O governo anunciou uma linha de crédito de 30 bilhões de reais com juros de 12,6% ao ano para financiar veículos novos, em especial para taxistas e motoristas de aplicativo. A medida, chamada Move Brasil Motoristas, visa renovar a frota e aquecer o varejo automotivo, desviando parte do crédito do sistema bancário tradicional.
O crédito é direcionado a modelos de entrada e compactos, com valor máximo de 150 mil reais por veículo. O repasse será coordenado pelo BNDES em parceria com instituições financeiras, e o MDIC detalha que a atuação prioriza o crédito a autônomos com renda volátil, buscando reduzir o peso financeiro de taxas de varejo elevadas.
O efeito imediato é a expectativa de maior liquidez para montadoras e concessionárias, com redução de estoques e maior ocupação nas fábricas. A medida pode alterar a demanda, favorecendo veículos de menor valor agregado, enquanto o custo de financiamento para uso próprio tende a ficar abaixo da taxa Selic.
Entretanto, o Move Brasil tende a pressionar o mercado de seminovos, já que muitos motoristas podem optar por financiar o carro próprio em vez de alugar frotas para atividades de mobilidade. Locadoras podem sentir desvantagens de precificação diante da nova linha de crédito.

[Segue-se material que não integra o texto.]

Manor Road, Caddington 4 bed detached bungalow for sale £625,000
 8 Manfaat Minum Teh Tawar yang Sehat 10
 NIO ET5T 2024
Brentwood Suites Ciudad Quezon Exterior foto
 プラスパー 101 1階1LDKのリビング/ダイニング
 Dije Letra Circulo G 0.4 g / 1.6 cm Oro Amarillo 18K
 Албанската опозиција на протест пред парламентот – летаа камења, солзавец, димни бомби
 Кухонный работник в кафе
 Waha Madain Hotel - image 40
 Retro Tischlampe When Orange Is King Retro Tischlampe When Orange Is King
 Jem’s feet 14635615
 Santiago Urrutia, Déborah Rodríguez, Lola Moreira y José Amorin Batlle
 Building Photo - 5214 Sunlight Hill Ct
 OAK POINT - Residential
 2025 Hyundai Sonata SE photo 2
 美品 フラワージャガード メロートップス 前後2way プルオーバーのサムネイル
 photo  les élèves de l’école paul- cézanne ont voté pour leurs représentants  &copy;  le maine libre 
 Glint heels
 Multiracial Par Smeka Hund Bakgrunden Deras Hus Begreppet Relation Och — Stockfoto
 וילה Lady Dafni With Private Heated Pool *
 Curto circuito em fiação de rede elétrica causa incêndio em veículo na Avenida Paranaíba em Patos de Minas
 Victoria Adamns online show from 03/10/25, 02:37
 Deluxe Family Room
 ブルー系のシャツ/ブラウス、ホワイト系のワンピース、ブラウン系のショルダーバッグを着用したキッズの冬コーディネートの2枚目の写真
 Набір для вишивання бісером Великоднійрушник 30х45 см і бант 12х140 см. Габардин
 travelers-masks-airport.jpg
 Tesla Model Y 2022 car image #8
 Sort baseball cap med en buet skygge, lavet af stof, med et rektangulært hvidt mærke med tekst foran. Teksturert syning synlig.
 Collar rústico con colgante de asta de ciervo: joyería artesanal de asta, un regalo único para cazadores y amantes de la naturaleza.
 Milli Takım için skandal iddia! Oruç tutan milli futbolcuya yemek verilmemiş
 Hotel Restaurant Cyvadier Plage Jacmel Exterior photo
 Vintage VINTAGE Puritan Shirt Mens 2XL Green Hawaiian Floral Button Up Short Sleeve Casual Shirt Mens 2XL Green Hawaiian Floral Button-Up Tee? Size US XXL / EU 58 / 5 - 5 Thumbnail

Especialistas destacam que a aprovação de cadastros é o gargalo, dada a volatilidade de renda dos clientes. A intervenção estatal reduz riscos de crédito para autônomos, mas amplia o desafio de gestão de risco para bancos e operadores do crédito.
Os impactos devem aparecer também na relação entre tabela FIPE e preços de transações usadas, bem como na disponibilidade de seminovos. O efeito sobre margens de fabricantes, locadoras e varejo ainda depende da resposta de demanda e do ritmo de aprovação de cadastros.
No curto prazo, investidores observarão indicadores como volumes de emplacamento, inadimplência e uso da capacidade industrial. Dados da Anfavea e balanços de locadoras sinalizarão a evolução do cenário e a viabilidade de longo prazo dessa política.